Figure 3: MRI T2 transverse (Brother A).

Figure 4: MRI (Brother A) fluid attenuated inversion recovery sequence trasverse.

Figure 5: MRI (Brother A) Coronal view T1.

The cyst was removed through a right frontal craniotomy through a transcortical transventricular approach. Postoperatively, the patient was discharged after two weeks with an intact neurological status. Because the patient was in another country, no further investigations were done.

Brother B

In 2016, while working as a carpenter, monozygotic brother B (Figure 6) suddenly fell into a generalized tonic-clonic seizure. When the emergency doctor arrived at the workplace the patient presented a Glasgow Coma Score of 4 (E1, V1, M2), wide bilateral pupils without response to the light. The patients was intubated and conducted to the emergency room of our hospital. The neurologic status offered no brainstem reactions, wide pupils bilateral without response to the light, no motor response. Funduscopic examination revealed acute papilledema. A non-contrast CT of the brain showed a well-defined 30x33 mm hyperdense lesion in the third ventricle with massive obstructive hydrocephalus of the lateral ventricles (Figure 7), with the classical appearance of a colloid cyst. In further questioning, the family reported that the patient suffered a history of headache with nausea and vomiting over the last week. Due to the wrong neurological status of the patient an MRI was omitted preoperatively and the patient was urgently microsurgically treated. Under general anesthesia, a frontal craniotomy was made in the right side in supine position and through a transcortical-transventricular approach the cyst was microsurgical removed with a temporary placement of a closed external ventricular drain (EVD) to prevent the possible complication of hydrocephalus. Postoperatively, the patient was early extubated and he was neurologically intact. The pupils were bilateral isochoric, miotic and well responsible to the light. During the first three days postoperatively there was not need to open the EVD, and consequentially it was removed. The histopathological analysis confirmed the diagnosis of colloid cyst, which was positive for CK AE1/AE3 and EMA, negative for CDX-2, TTF-1 and S-100. A 5 days follow up CT showed a mild hydrocephalus (Figure 8). The patient was discharged in the second postoperative week without neurological deficit. A neuropsychological evaluation after six months revealed mild attention impairments. The patient went back to work after six months. The rest of the family underwent prophylactic screening without other pathological signs.

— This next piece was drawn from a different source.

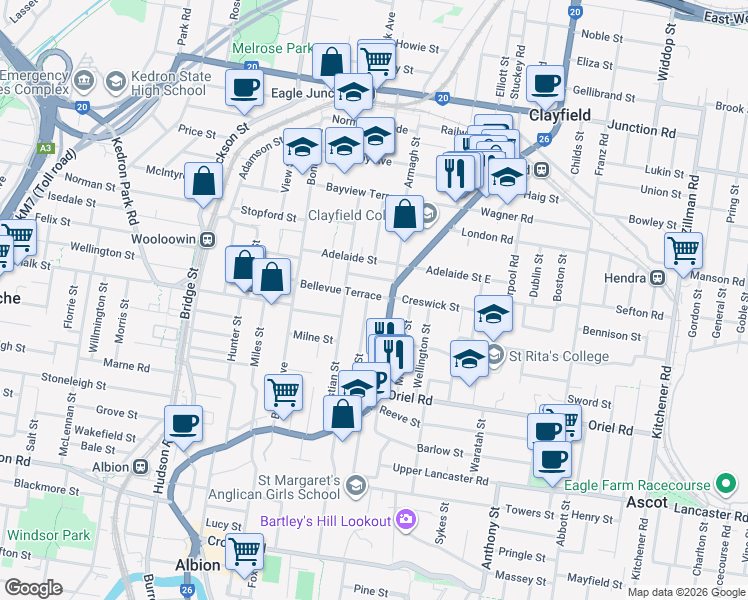 map of restaurants, bars, coffee shops, grocery stores, and more near 93 Riverton Street in Clayfield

Familial colloid cysts are extremely rare; only around 30 cases were mentioned in the literature [7-13]. With the presented cases there will be until now 5 registered pairs of twins with colloid cysts with a total of four monozygotic twins and one dizygotic twin. The autosomal dominant inheritance was previously postulated [9]. These findings suggest an increase in the incidence of colloid cyst in twins as compared to the general population. Accordingly the performing of a magnetic resonance imaging in both twins is advisable, if one of them was proved to have a colloid cyst.

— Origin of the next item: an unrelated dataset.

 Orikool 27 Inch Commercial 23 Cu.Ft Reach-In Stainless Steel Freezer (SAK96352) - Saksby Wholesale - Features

Treatment options include conservative, microsurgical, or endoscopic treatment [4,14,15]. An asymptomatic patient may be managed with follow-up imaging studies [1]. If neurological signs are seen, prompt imaging studies should be obtained and a timely microsurgical or endoscopic resection planned [4,14,15]. In case of brother B, the rapid clinical deterioration has forced an emergency operation without performing further diagnosis. A further knowledge from this case is that, although brother B was admitted with wide pupils and without brainstem reflexes, the timely operation allowed a prompt weaning, and the patients presented no neurological losses. The slightly attentional impairments should be observed in the long time follow-up. According to these findings, a genetic origin of colloid cysts can be supposed. Further genetic studies are needed to confirm these observations.

Figure 6: Brother B, 2016. Three days after microsurgical removal of the colloid cyst. No neurological impairments were registered. Permission kindly granted by the patient.

Figure 7: CT (Brother B) with colloid cyst and signs of hydrocephalus.

Figure 8: CT (Brother B) Postoperative follow-up CT scan three days after surgery.